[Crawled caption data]

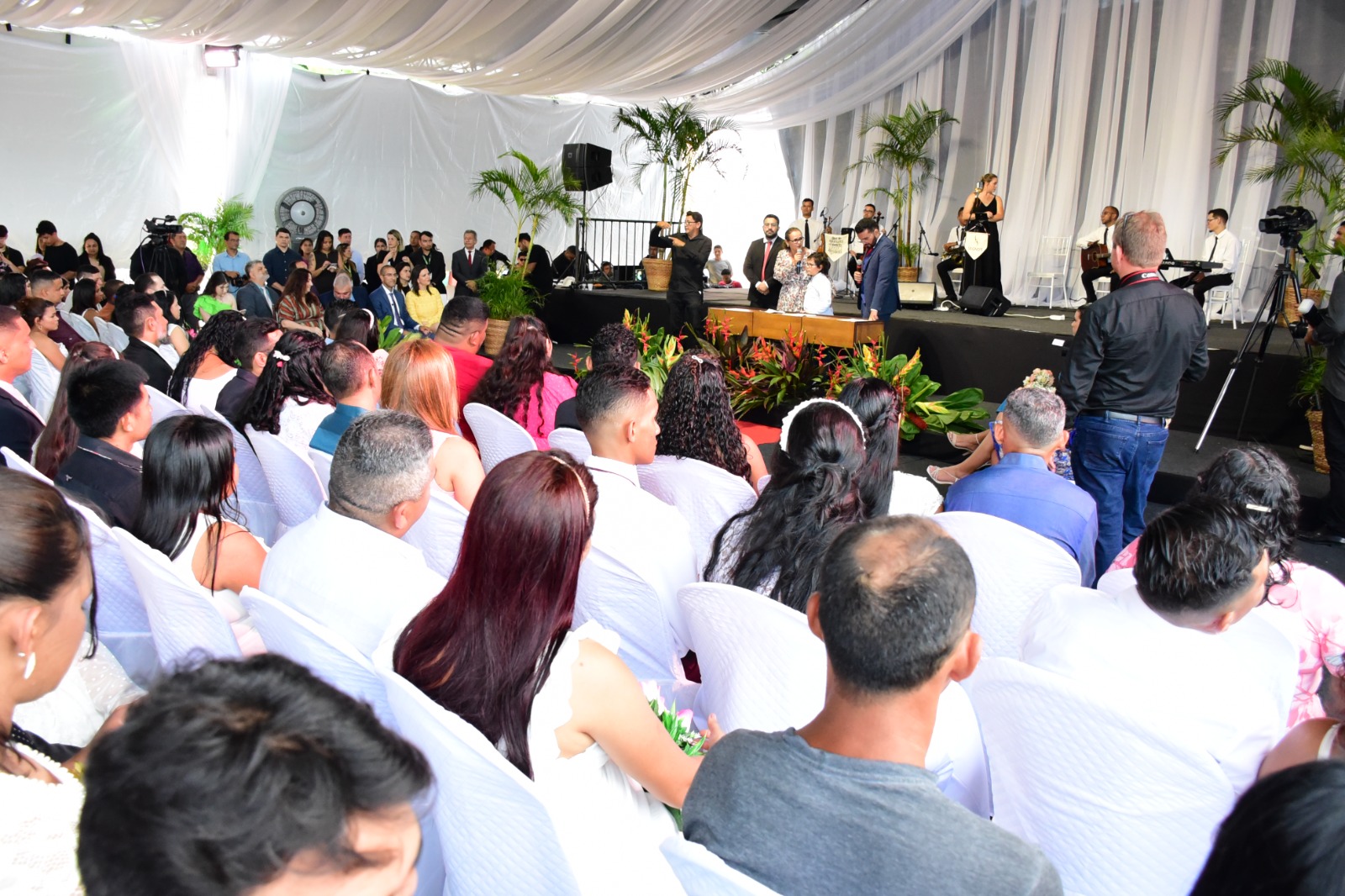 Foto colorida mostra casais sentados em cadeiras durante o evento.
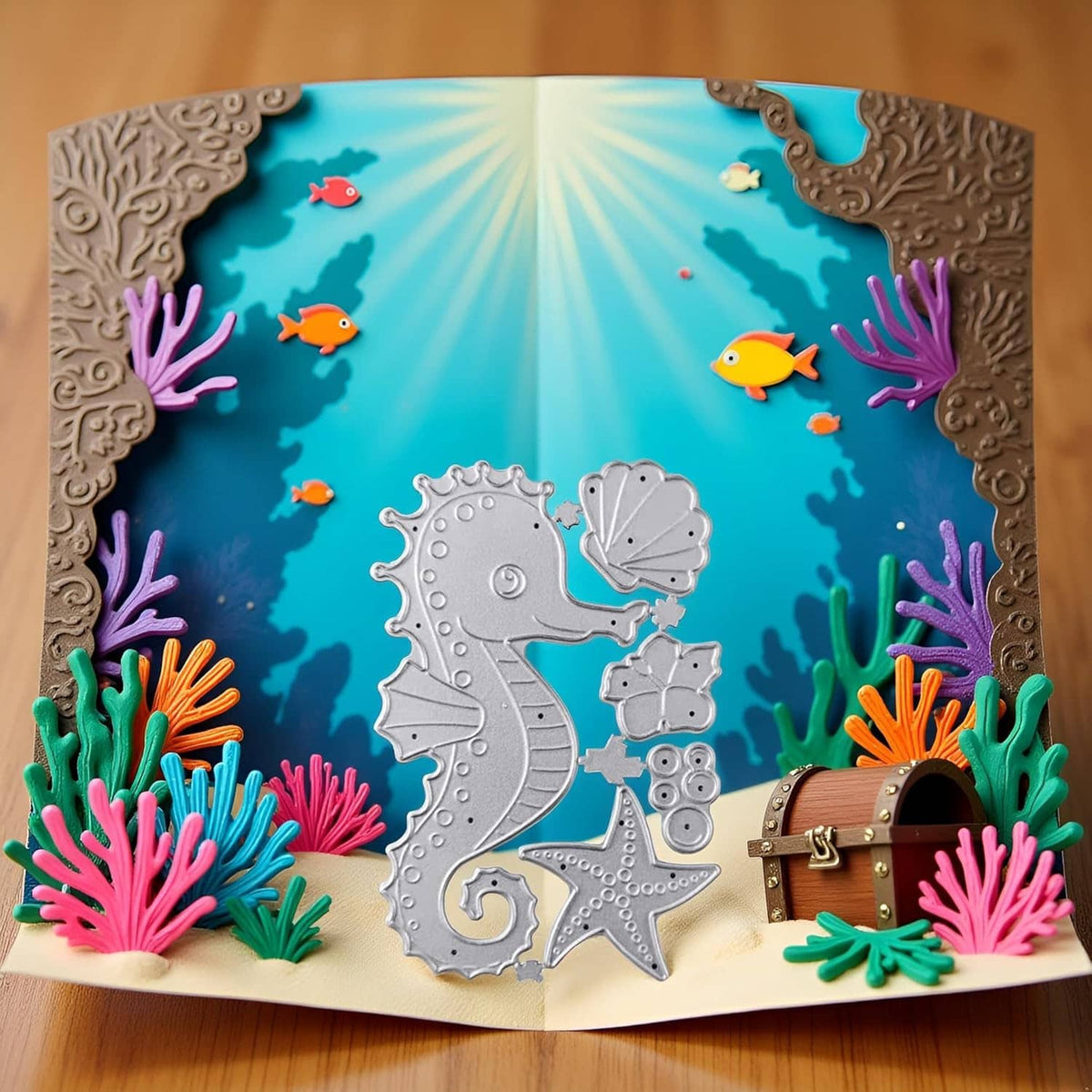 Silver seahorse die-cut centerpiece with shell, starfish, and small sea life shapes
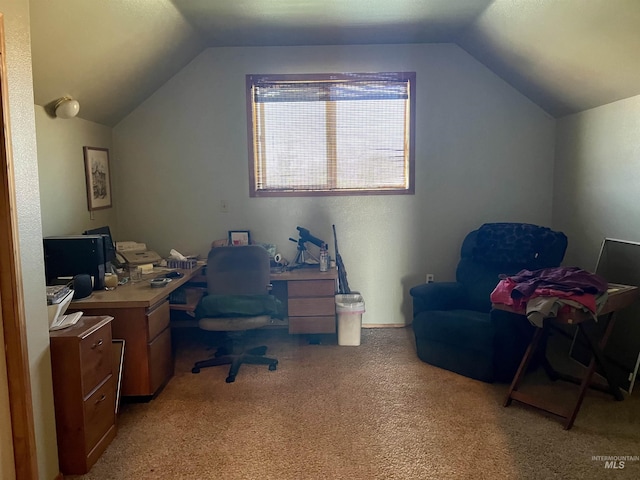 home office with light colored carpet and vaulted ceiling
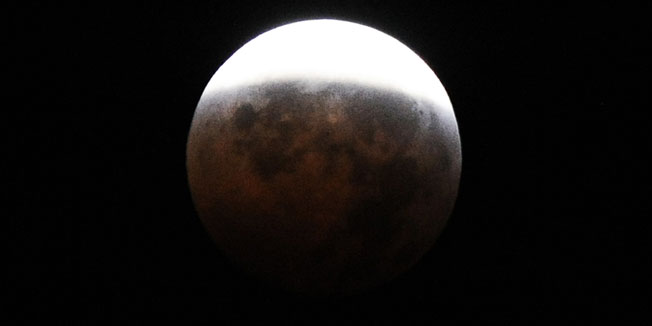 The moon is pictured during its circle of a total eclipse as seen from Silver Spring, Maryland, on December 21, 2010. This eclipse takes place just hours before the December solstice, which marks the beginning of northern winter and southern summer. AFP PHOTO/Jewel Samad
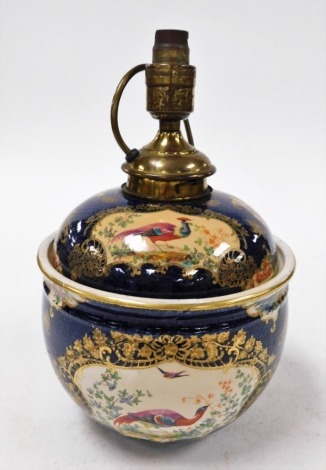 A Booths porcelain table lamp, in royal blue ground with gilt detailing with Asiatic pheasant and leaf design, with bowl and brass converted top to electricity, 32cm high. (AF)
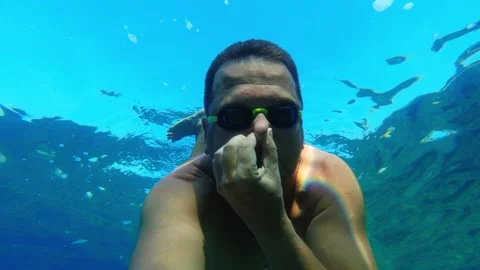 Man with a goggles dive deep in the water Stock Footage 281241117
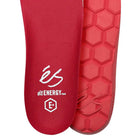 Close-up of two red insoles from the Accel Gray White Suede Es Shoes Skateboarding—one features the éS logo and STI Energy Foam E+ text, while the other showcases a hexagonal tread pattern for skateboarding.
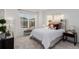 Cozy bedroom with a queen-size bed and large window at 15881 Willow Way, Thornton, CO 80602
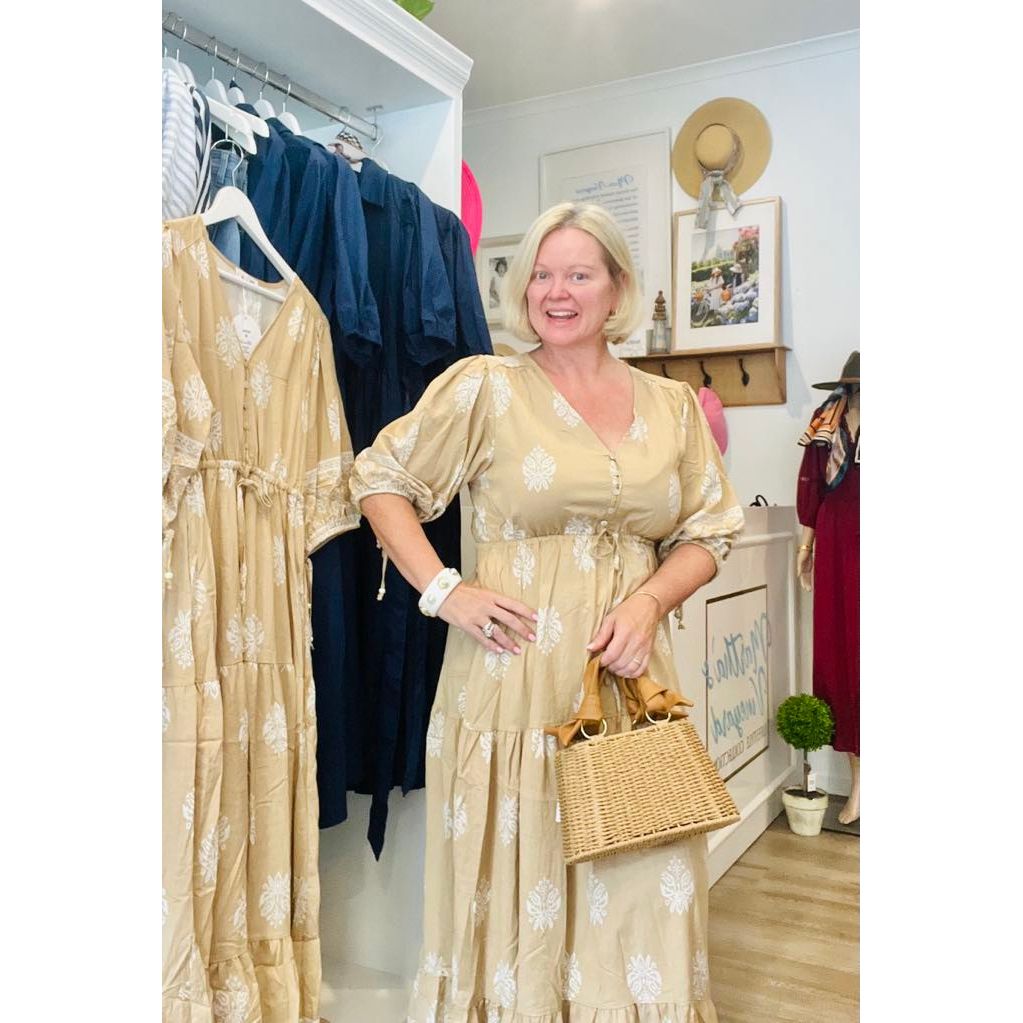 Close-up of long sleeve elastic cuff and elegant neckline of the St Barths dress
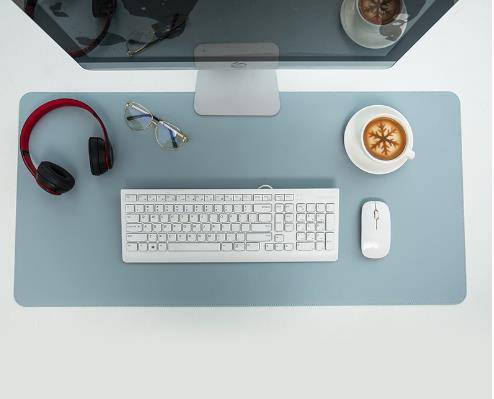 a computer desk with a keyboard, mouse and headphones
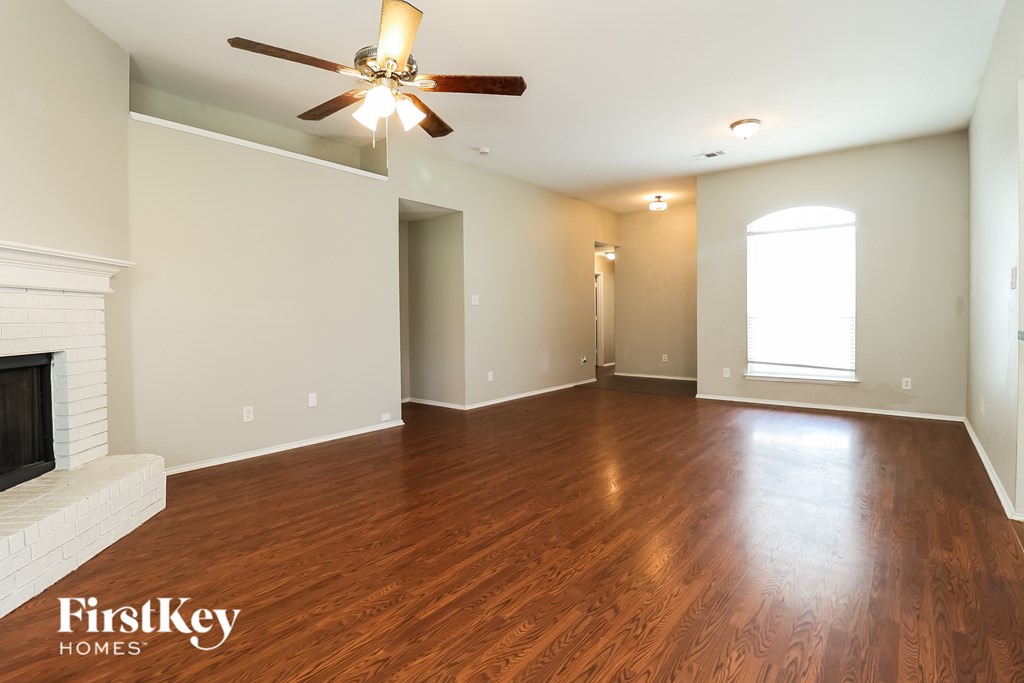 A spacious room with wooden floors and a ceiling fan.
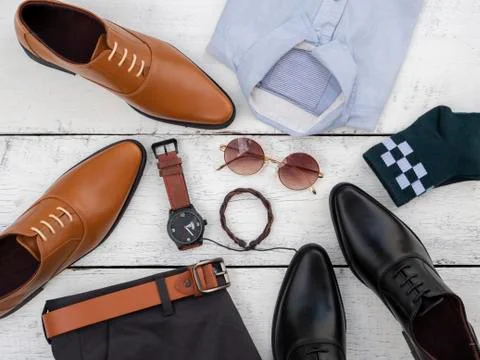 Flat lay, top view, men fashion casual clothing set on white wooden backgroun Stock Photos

* **Action item**
Whenever a picture appears, leave it out, and return every record exactly.

* **Task output**
 Foto colorida mostra casais sentados em cadeiras durante o evento.
 Silver seahorse die-cut centerpiece with shell, starfish, and small sea life shapes
 home office with light colored carpet and vaulted ceiling
 The moon is pictured during its circle of a total eclipse as seen from Silver Spring, Maryland, on December 21, 2010. This eclipse takes place just hours before the December solstice, which marks the beginning of northern winter and southern summer. AFP PHOTO/Jewel Samad
 A Booths porcelain table lamp, in royal blue ground with gilt detailing with Asiatic pheasant and leaf design, with bowl and brass converted top to electricity, 32cm high. (AF)
 Man with a goggles dive deep in the water Stock Footage 281241117
 Close-up of two red insoles from the Accel Gray White Suede Es Shoes Skateboarding—one features the éS logo and STI Energy Foam E+ text, while the other showcases a hexagonal tread pattern for skateboarding.
 Cozy bedroom with a queen-size bed and large window at 15881 Willow Way, Thornton, CO 80602
 Close-up of long sleeve elastic cuff and elegant neckline of the St Barths dress
 a computer desk with a keyboard, mouse and headphones
 A spacious room with wooden floors and a ceiling fan.
 Flat lay, top view, men fashion casual clothing set on white wooden backgroun Stock Photos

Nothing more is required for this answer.